My scientific endeavours were first initiated in the field of Solid State Physics during my
postgraduate Diploma Thesis project entitled “Thermal aging of conducting polymers
doped with ZnO nanocrystals”. This was an exciting project and I worked towards the
synthesis of conducting organic polymers (Polyaniline and Polypyrrole) doped with
inorganic impurities (ZnO) which have many applications as substrates in photovoltaic
cells and batteries. Organic Photovoltaic (OPV) Cells have many advantages compared
with the traditional inorganic PV cells. We can refer the advantages of easy construction,
the low cost and that they are friendly to the environment.

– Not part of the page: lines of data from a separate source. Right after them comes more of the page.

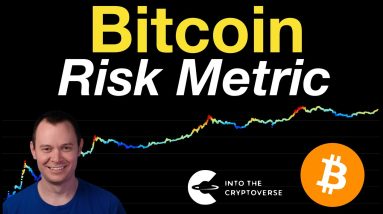 Bitcoin: Risk Metric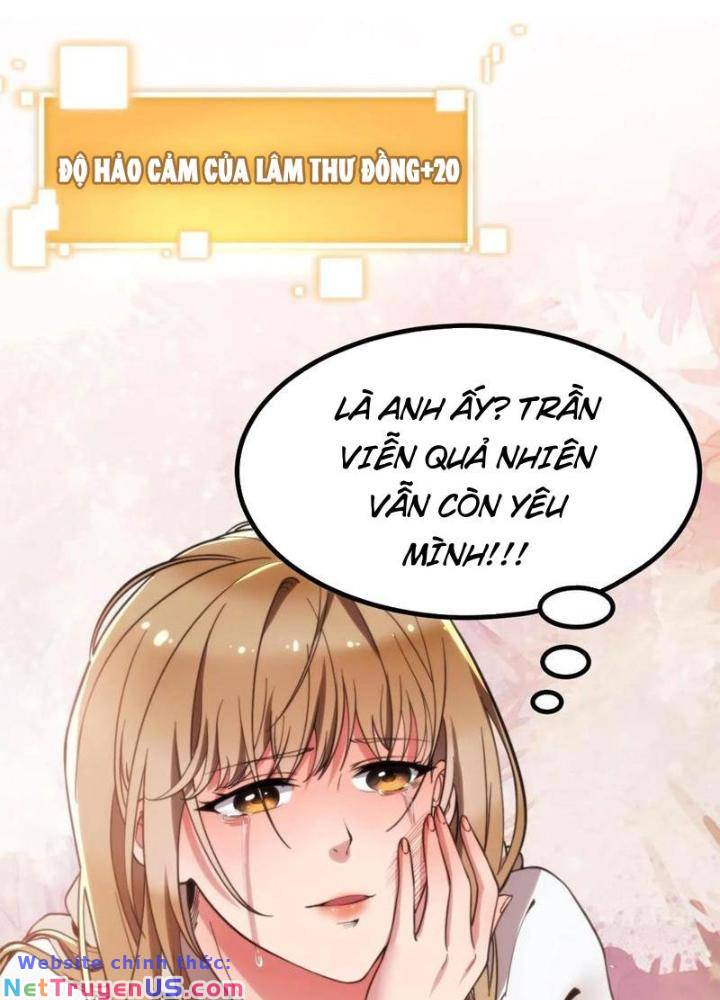 Ta Có 90 Tỷ Tiền Liếm Cẩu! Chapter 15 - Trang 56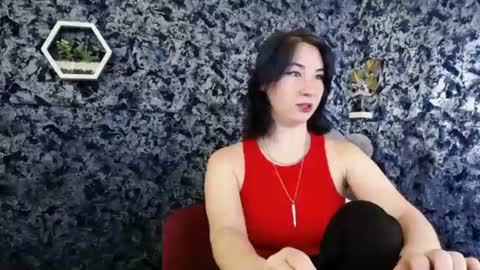 Snapshot of moon_foxy_ chatting on 07.05.26 Diana online show from 07.05.26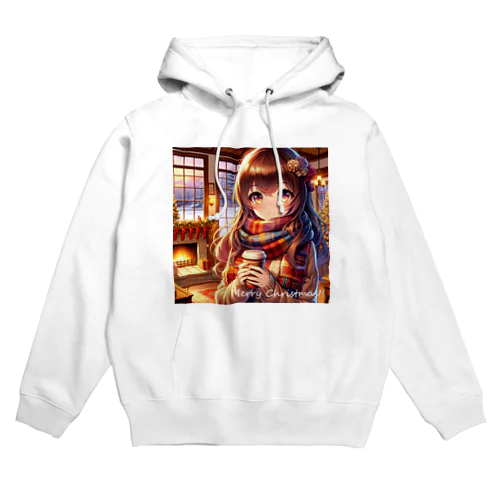 Merry Christmas Hoodie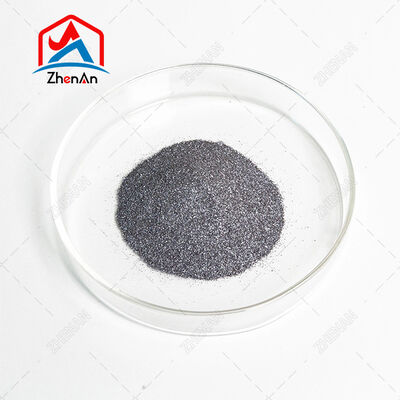 Silikon Metal Toz Tedarikçisi Kimyasal ve metalürji uygulamaları için yüksek saflıklı ince parçacıklı silikon malzemesi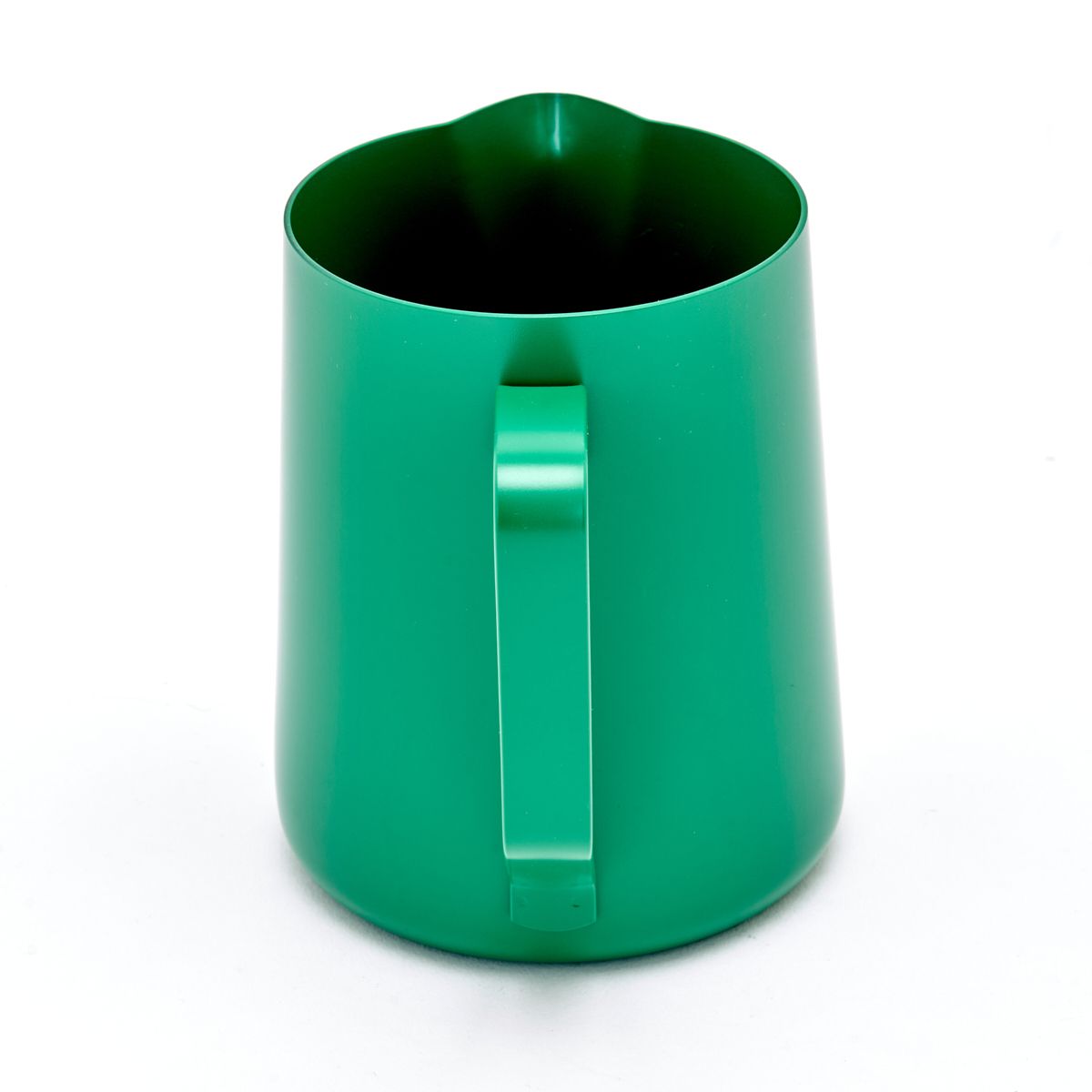 Rhino Stealth Milk Pitcher 950ml (32oz) - Green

I have also first-hand experience with the synthesis and characterization of biomaterials and the thermodynamic analyses of crystallization phenomena in biological conditions ( pH=7.4, Ionic
strength = 0.15 Mol/L and T = 37 degrees Celsius). The experiments were conducted under constant
supersaturation (precipitation) or undersaturation (dissolution), constant pH and temperature
(plethostatic conditions), in an attempt to elucidate the effects of additives
(water soluble polyelectrolytes, lipids) in the crystal growth rates and the morphology of
hydroxyapatite, and his metastable phases: (octacalcium phosphate, dicalcium phosphate
dihydrate, tricalcium phosphate, amorphous calcium phosphates).

On the other hand, I had the opportunity to study the rigorous transformation of vaterite (stabilized with
poly-electrolyte additives in the supersaturated CaCO3 working solutions) and aragonite (stabilized
with Mg2+) to calcite. However, there are also other forms of calcium carbonate
that include water in their chemical structure (CaCO3 · 1H2O and CaCO3 · 6H2O) that
unfortunately it is very difficult to be isolated. CaCO3 scale deposits play crucial role in
industrial applications and in the biomineralization (the process by which sea organisms
build their “hard parts”).

The process of learning is never – ending. As one goes on to learn new things
one realizes that there are many more things which one needs to learn to quench one’s
thirst of knowledge. During the course of post – graduate studies I have learnt many
things but have also realized that I need to learn more in order to advance the frontiers
in my field of interest. My plans are to continue working hard and to accomplish as much
as possible on studying new kinds of low voltage organic field effect transistors in order
to facilitate a detailed understanding of more sensitive detection methods and improved
investigation of traces of volatile organic chemicals.